Since each mutant ultimately becomes either fixed or lost, the steady state will be attained only if linear evolutionary pressures, such as mutation, operate. For the two-locus problem, the steady state has been discussed in terms of the diffusion process (Ohta and Kimura 1969b, 1970; Ethier and Nagylaki 1989) and the genealogical process (Griffiths 1981; Hudson 1983, 1985; Golding 1984; Ethier and Griffiths 1990). In contrast, in situations without linear evolutionary pressures, how the process eventually leads to the state of steady decay has not been studied, with the exception of several functions that vanish at the absorbing boundaries (Hill and Robertson 1968; Ohta and Kimura 1969a; Littler 1973). Despite the fact that the two-locus problem is uniquely characterized by gamete frequencies, the transient behavior of them has not been examined.

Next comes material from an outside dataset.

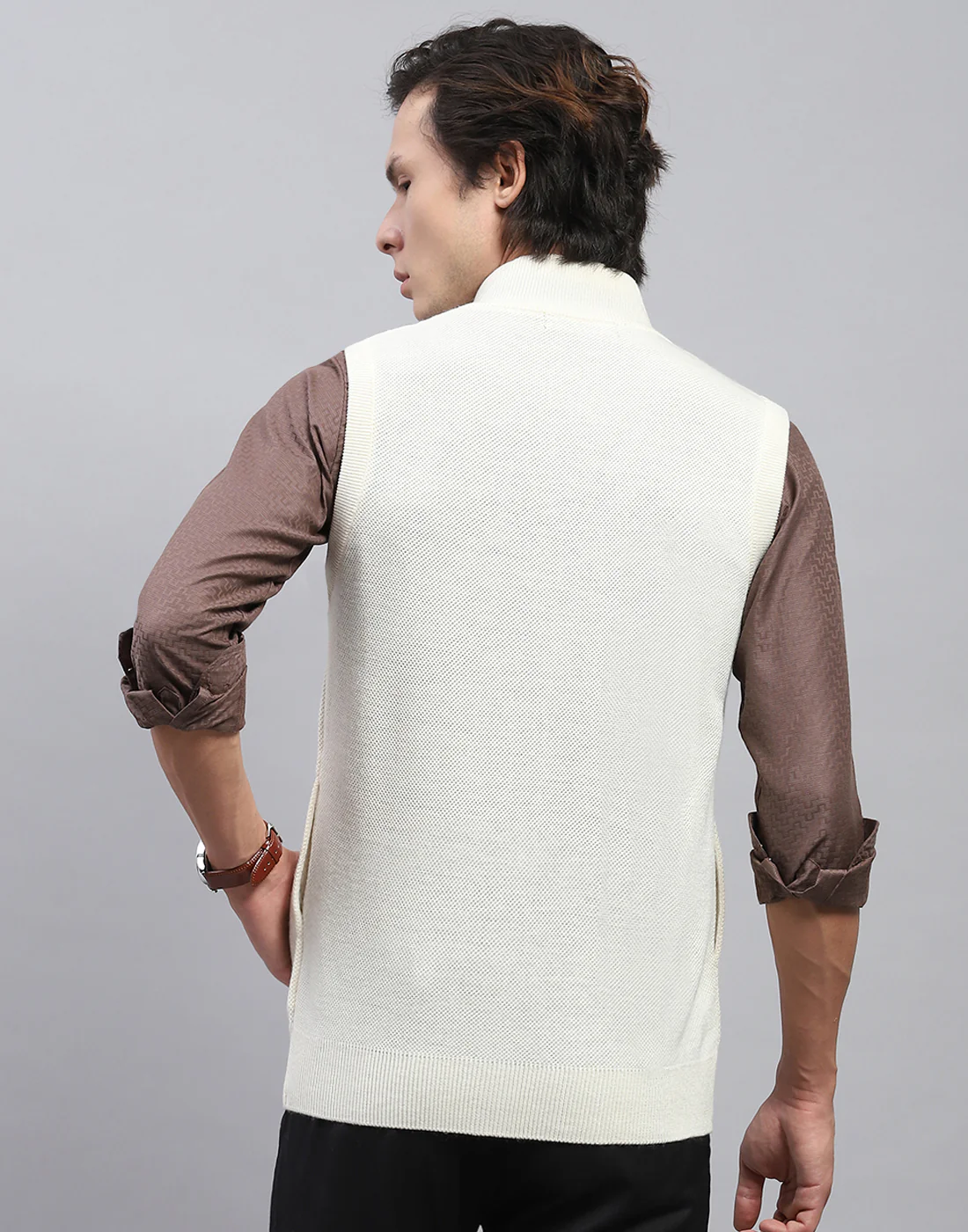 Men Off White Solid Mock Neck Sleeveless Jacket - Image 5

In this article, I derive an analytic expression of conditional expectation of the transient gamete frequency, given that one of the two loci remains polymorphic, in terms of the diffusion process. This expression shows how it ultimately leads to the asymptotic value. Using this expression, a model where linkage disequilibrium is introduced by a single mutation is discussed.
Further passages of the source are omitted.